Les députés de Assemblée nationale du Sénégal sont attendus, jeudi 26 mars, pour se prononcer sur un projet de résolution relatif à la non-restructuration de la dette publique. En amont, le texte sera examiné en commission ce mardi 24 mars à 10 heures (GMT), informe rts.sn visité par Senego.

Cette initiative intervient dans un contexte marqué par de vives tensions autour du niveau d’endettement du pays. D’après le Fonds monétaire international, la dette du Sénégal avoisinerait les 132 % du produit intérieur brut (PIB) à la fin de l’année 2024. Une situation exacerbée par la révélation d’une « dette cachée », évoquée par le Premier ministre Ousmane Sonko, et qui complique les discussions en cours avec l’institution financière.

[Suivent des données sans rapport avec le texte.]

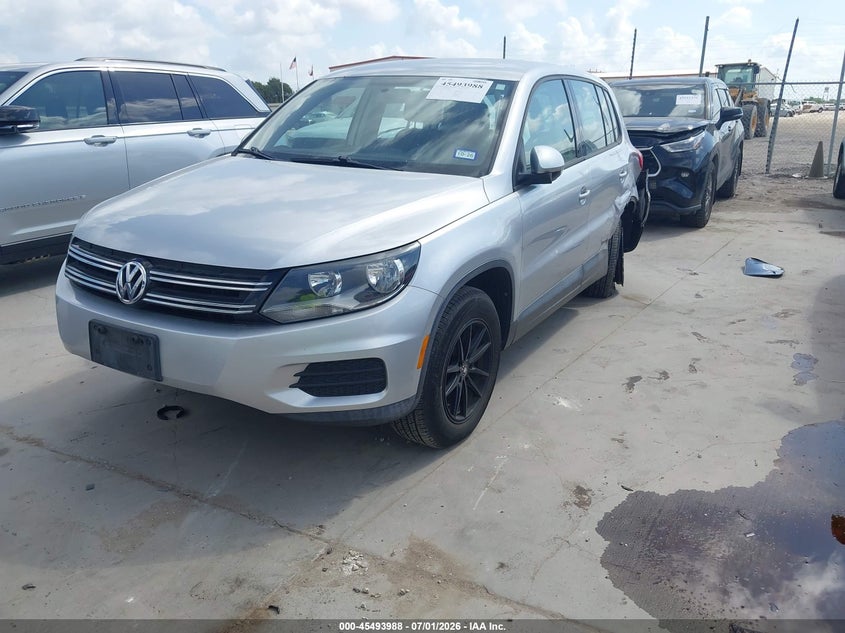 2014 Volkswagen Tiguan VIN WVGAV3AX4EW596748 IAAI salvage auction — LEFT REAR, Salvage (Texas), sold $1,425 on 2026-08-04 (photo 2)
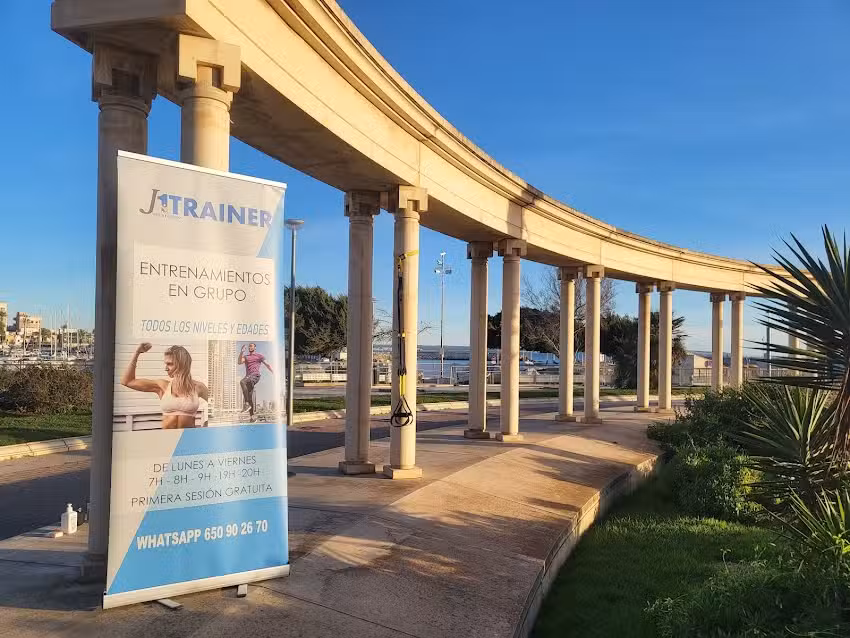 J1 TRAINER Marina plaza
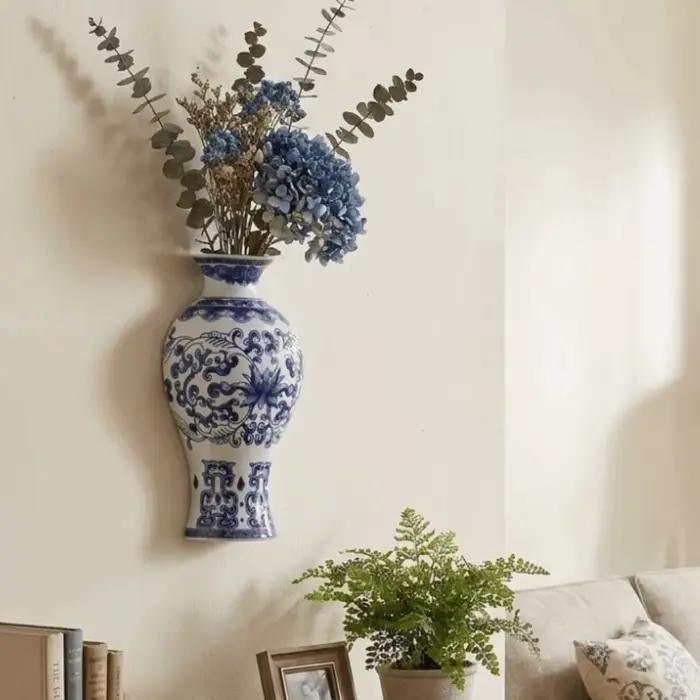 Vase mural en céramique bleu et blanc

Face aux recommandations du FMI en faveur d’une restructuration, les autorités sénégalaises maintiennent une ligne ferme en s’y opposant. Le projet de résolution vise ainsi à formaliser cette orientation, en privilégiant une stratégie alternative de gestion de la dette.

Sauf surprise, le texte devrait être adopté, la majorité parlementaire étant acquise au pouvoir en place. Ce vote pourrait constituer un tournant dans la politique économique du Sénégal, à un moment où les négociations avec les partenaires financiers internationaux restent particulièrement sensibles.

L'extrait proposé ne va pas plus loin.